Smoothing Rough Waters: USU Data Scientists Use Deep Learning to Identify River Rapids - Utah State University
Smoothing Rough Waters: USU Data Scientists Leverage AI to Identify River Rapids
Researchers at Utah State University (USU) have successfully employed deep learning to create a continental-scale river image dataset, enhancing hydrologic research. This project involved both undergraduate and graduate students who collaborated on a year-long initiative that culminated in a peer-reviewed publication and a presentation slated for the 2026 Spring Runoff Conference.

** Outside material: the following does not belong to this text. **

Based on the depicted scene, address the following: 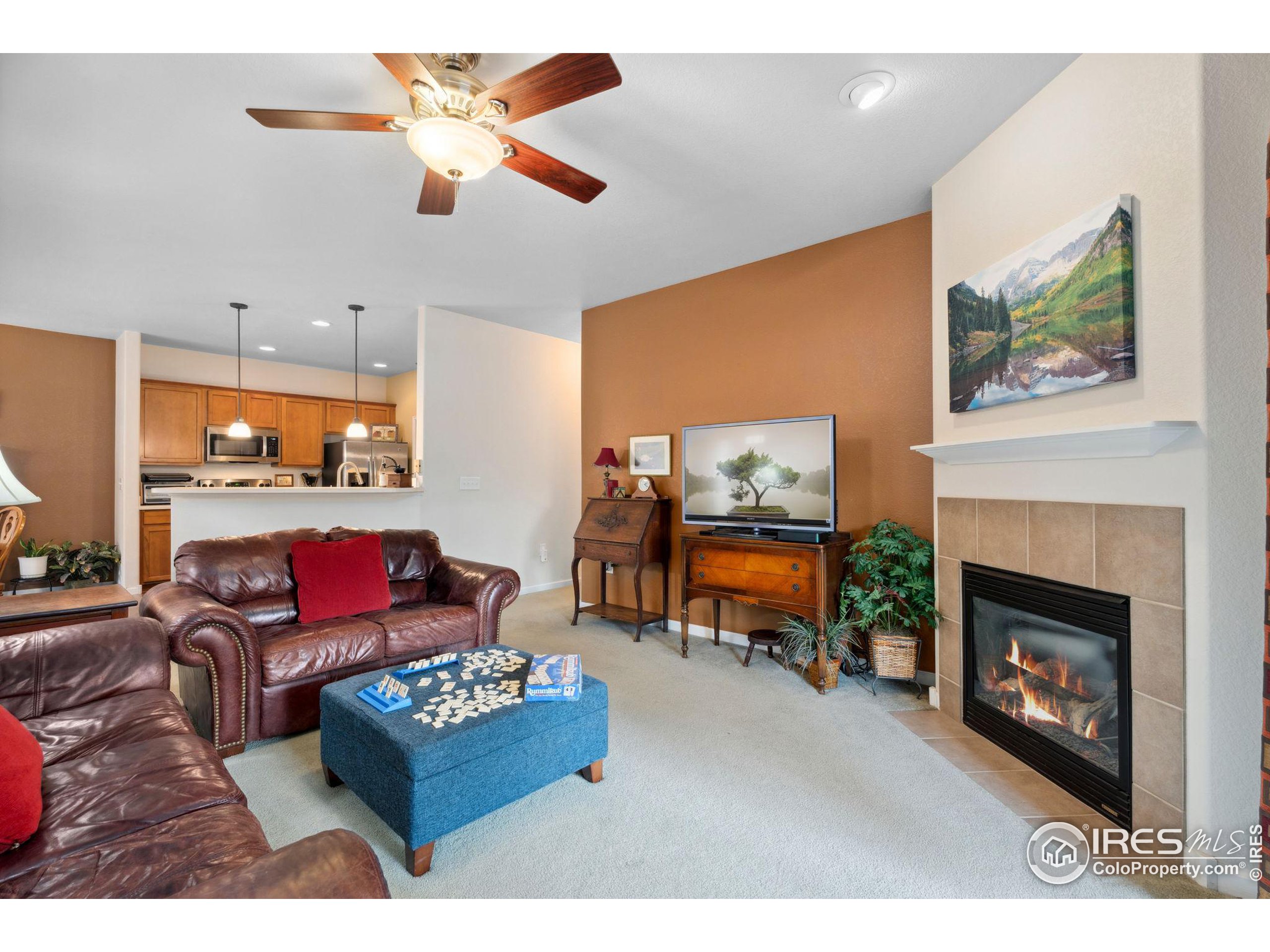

The initiative originated from a seminar that facilitated a partnership between USU, the National Park Service, and the U.S. Geological Survey. Spearheaded by USU's statistician Brennan Bean, students were challenged to determine if AI could identify specific rapids in satellite images. This breakthrough could aid water managers by enabling remote inferences of river flow in locations lacking physical measurements.
Initially focusing on the collection of 3,000 images, the project grew tremendously, resulting in over 280,000 satellite images collected. Students utilized AI to train neural networks capable of isolating rivers and accurately identifying rapids. The creation of this extensive dataset supports diverse hydrologic applications such as discharge estimation, habitat assessment, and resource management.
The interdisciplinary effort included contributions from professionals and students, emphasizing the vital role of hands-on learning in practical problem-solving. The skills gained from this project have equipped students to tackle complex challenges in real-world contexts, significantly elevating their educational experience.
USU statistics doctoral student Kelvyn Bladen will present the findings at the upcoming conference, showcasing how AI can effectively transform river management practices and contribute to ecological sustainability.